- _WHAT IS EXPECTED_: In the entries below, find the line with "Zyra Pure Mul" and the line with "2542 22nd Street". Print those two and everything between them exactly, and nothing else.
[SUPPLIED MATERIAL Boundary: Start]
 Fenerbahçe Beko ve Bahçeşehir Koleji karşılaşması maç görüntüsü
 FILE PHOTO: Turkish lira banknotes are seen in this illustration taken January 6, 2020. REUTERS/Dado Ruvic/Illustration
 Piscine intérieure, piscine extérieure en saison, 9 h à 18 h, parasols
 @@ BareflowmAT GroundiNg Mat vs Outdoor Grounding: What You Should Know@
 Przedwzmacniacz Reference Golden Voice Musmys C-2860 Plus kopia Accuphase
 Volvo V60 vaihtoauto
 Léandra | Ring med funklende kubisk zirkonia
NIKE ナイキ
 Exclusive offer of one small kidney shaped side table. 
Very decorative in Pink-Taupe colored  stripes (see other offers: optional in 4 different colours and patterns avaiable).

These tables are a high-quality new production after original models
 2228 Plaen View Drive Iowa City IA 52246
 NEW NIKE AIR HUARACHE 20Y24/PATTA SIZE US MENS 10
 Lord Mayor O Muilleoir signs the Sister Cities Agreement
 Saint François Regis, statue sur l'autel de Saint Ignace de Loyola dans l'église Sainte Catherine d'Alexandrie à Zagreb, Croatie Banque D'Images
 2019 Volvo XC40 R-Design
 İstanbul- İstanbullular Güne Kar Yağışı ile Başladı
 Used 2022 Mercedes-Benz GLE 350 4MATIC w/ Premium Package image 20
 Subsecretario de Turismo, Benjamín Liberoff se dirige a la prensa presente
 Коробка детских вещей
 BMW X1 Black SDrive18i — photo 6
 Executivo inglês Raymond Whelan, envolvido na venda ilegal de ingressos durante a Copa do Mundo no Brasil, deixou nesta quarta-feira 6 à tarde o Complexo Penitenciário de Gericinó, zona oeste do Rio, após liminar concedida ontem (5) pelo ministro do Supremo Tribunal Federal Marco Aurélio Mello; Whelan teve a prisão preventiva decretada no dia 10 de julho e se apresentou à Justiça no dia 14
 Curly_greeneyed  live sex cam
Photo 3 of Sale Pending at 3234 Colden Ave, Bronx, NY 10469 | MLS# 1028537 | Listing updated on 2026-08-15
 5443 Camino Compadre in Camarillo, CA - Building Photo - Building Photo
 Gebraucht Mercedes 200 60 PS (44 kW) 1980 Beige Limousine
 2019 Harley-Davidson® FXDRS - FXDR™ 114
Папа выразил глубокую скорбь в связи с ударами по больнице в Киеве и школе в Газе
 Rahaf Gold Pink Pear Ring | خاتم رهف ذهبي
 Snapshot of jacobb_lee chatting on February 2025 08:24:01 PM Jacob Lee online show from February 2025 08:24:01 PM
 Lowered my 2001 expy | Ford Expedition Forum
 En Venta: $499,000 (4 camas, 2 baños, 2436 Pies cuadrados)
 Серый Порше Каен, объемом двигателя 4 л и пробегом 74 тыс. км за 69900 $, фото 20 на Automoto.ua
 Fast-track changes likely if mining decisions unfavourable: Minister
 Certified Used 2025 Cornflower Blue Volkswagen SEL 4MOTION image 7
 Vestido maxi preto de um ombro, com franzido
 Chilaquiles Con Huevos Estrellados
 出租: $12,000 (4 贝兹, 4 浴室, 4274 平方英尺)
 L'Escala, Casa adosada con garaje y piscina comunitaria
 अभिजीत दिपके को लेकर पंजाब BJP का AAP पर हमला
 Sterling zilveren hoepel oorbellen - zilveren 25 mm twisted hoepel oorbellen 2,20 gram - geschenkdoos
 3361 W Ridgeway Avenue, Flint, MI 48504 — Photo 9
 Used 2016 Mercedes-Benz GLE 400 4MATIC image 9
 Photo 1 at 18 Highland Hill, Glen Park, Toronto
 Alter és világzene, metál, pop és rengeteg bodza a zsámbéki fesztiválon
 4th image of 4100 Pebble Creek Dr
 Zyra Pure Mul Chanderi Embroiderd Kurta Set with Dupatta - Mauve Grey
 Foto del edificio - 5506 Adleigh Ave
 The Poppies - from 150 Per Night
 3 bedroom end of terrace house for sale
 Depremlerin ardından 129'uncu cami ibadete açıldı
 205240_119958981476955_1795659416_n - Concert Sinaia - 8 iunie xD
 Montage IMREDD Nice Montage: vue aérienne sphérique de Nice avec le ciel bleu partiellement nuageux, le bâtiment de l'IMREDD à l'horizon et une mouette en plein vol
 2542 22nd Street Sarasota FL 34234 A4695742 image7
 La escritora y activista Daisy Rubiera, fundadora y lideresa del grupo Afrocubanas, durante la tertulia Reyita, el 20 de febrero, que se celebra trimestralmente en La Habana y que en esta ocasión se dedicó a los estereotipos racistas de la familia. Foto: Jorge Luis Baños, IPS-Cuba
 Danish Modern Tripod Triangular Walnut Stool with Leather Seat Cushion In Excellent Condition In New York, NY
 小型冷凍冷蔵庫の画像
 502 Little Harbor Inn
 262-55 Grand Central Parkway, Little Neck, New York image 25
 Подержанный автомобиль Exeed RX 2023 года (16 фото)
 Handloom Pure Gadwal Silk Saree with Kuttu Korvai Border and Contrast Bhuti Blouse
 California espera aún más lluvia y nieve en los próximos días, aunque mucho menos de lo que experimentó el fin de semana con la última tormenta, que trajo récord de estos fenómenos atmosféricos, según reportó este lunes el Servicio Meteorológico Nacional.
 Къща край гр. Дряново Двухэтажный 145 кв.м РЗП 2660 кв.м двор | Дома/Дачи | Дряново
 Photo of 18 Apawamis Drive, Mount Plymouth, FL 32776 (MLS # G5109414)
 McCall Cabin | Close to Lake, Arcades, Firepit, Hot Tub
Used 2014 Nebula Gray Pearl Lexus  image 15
[SUPPLIED MATERIAL Boundary: End]
- _TASK SOLUTION_:
 Zyra Pure Mul Chanderi Embroiderd Kurta Set with Dupatta - Mauve Grey
 Foto del edificio - 5506 Adleigh Ave
 The Poppies - from 150 Per Night
 3 bedroom end of terrace house for sale
 Depremlerin ardından 129'uncu cami ibadete açıldı
 205240_119958981476955_1795659416_n - Concert Sinaia - 8 iunie xD
 Montage IMREDD Nice Montage: vue aérienne sphérique de Nice avec le ciel bleu partiellement nuageux, le bâtiment de l'IMREDD à l'horizon et une mouette en plein vol
 2542 22nd Street Sarasota FL 34234 A4695742 image7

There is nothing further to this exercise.